Por que tudo sempre deu certo, mesmo em meio à tanta dor?

Como pode haver tanta paz e generosidade, quando não é possível compreender tudo?

O fato é que José conhecia o seu Deus e, portanto, mesmo quando nada sentia, sabia que Sua presença era indiscutível!

Como caminhar com intensa confiança, se o Pai o fez cego e sem respostas? A verdade é que José viveu sempre cercado da mais pura intuição, a qual sempre lhe mostrou a verdade sobre os desígnios de Deus, que o consumiam.
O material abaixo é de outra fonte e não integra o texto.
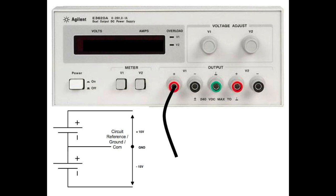we will connect one end of a banana jack cable to the positive or red terminal of V1. Leave the other end unconnected as shown.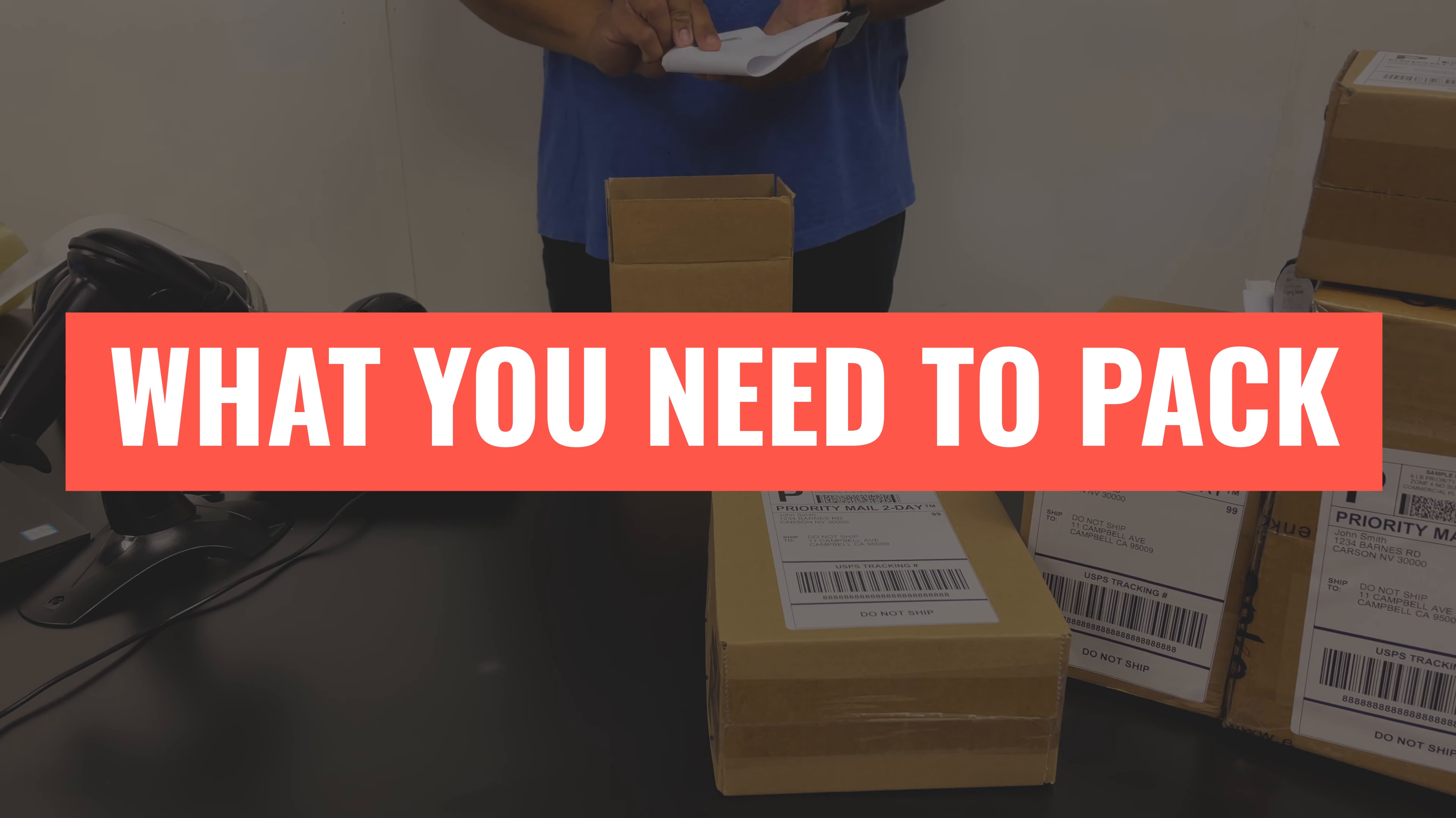These are also available without the bubbles, just called poly bags. Then of course your cardboard box.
Como pode nos ensinar tanto, um homem que não se preocupou em nos dizer quase nada? É porque José sabia que a única palavra que não passa é a própria vida!

Como não desejar que as circunstâncias mudem? E, da forma como a vida é, ser decididamente tão obediente, a ponto de jamais se importar se essa for adversa à nossa vontade?
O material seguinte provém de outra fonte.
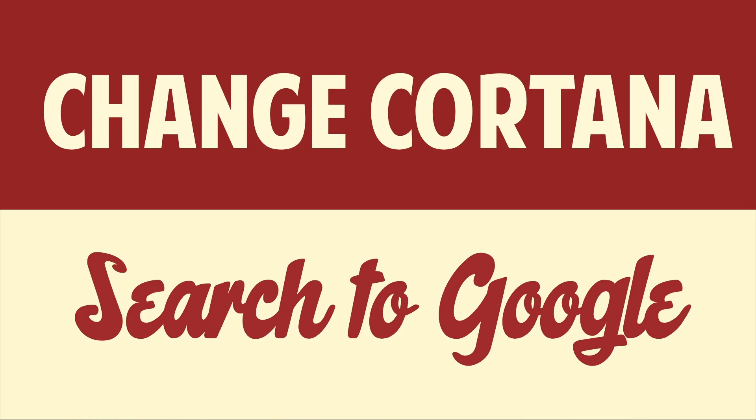Hello people! This is Matt Fisher back with another exciting tutorial for you guys today. In today's tutorial I'm going to show you how to change Cortana's search engine from Bing to Google.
José compreendia que lhe seria um grande aprendizado tomar uma nova atitude, valendo-se das circunstâncias para, por meio delas, manifestar seu amor e sua obediência a Deus, sobre todas as coisas. Como ser um mestre na carpintaria, tendo a seu lado, como aprendiz, o Rei do Universo lhe chamando de pai? José jamais teve medo de ser quem era, pois o mais importante para ele era ser fiel, mesmo que isso lhe custasse secretos e profundos constrangimentos.

E, como permanecer inabalável ao ouvir Simeão profetizar os sofrimentos – de sua amada Esposa e de seu Santíssimo Filho – na angústia de perceber-se completamente incapaz de amenizá-los? Sem dúvida, José compreendia que a vida iria acarretar-lhe inúmeros sofrimentos.
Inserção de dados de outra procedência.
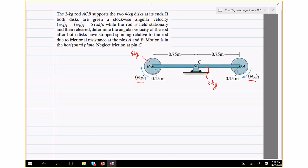Initially, the rod ACB is stationary and the two discs are spinning. Since the discs are connected to the rod via friction at pins A and B, eventually everything will reach a common angular velocity. Because motion is in the horizontal plane, gravity plays no role. We need to find that final common speed.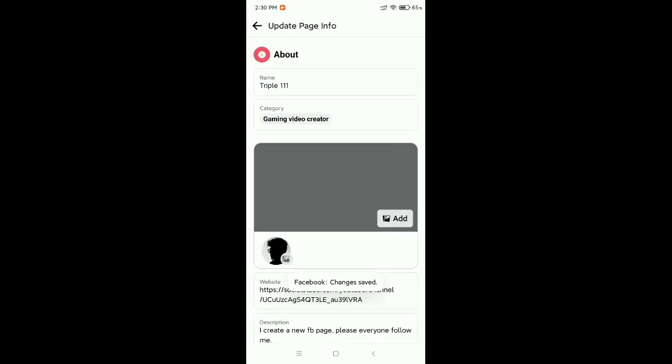That's it! So guys, you can see in this way you can change your Facebook page category. Hope this video can help you. Don't forget to like and subscribe my channel.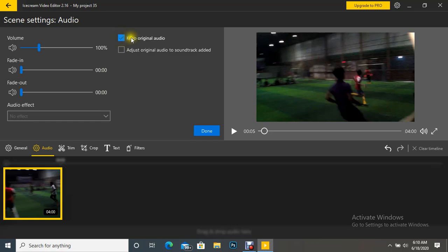here on 'Keep original audio' - it is already checked. So what I do is I have to uncheck it.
Como ser, ao mesmo tempo, esposo daquela que era, primeiramente, Esposa do Espírito Santo, e Pai daquele que o criou e o destinou para chamá-lo de Filho? Sem dúvida, José, como ninguém, por causa do seu grau de perfeição, percebia sua limitação humana e não se angustiava. Como sustentar a saudade na hora em que, cumprida a missão, deveria retornar ao Pai e aguardar a realização da promessa, que os uniria novamente no Céu? A saudade era amenizada pela certeza absoluta de que, num piscar de olhos, aquela Santa Casa, estaria logo reunida novamente, onde ele continuaria em glória, a desempenhar sua missão divina.

Pois nos Céus os méritos de São José alcançaram plenitude e, lá, ele continua a ser o chefe da Sagrada Família.

São José nos ensina que, santidade se aprende no dia-a-dia, na vida de oração, na obediência generosa e, principalmente, no olhar que treina constantemente para enxergar mais alto, mais longe, além daquilo que normalmente se vê. O qual, mesmo não entendendo ao certo os desígnios de Deus, sofre e espera a hora do Senhor em sua vida!

Do livro ‘Rezando com São José’ de Ricardo Sá, da editora Canção Nova.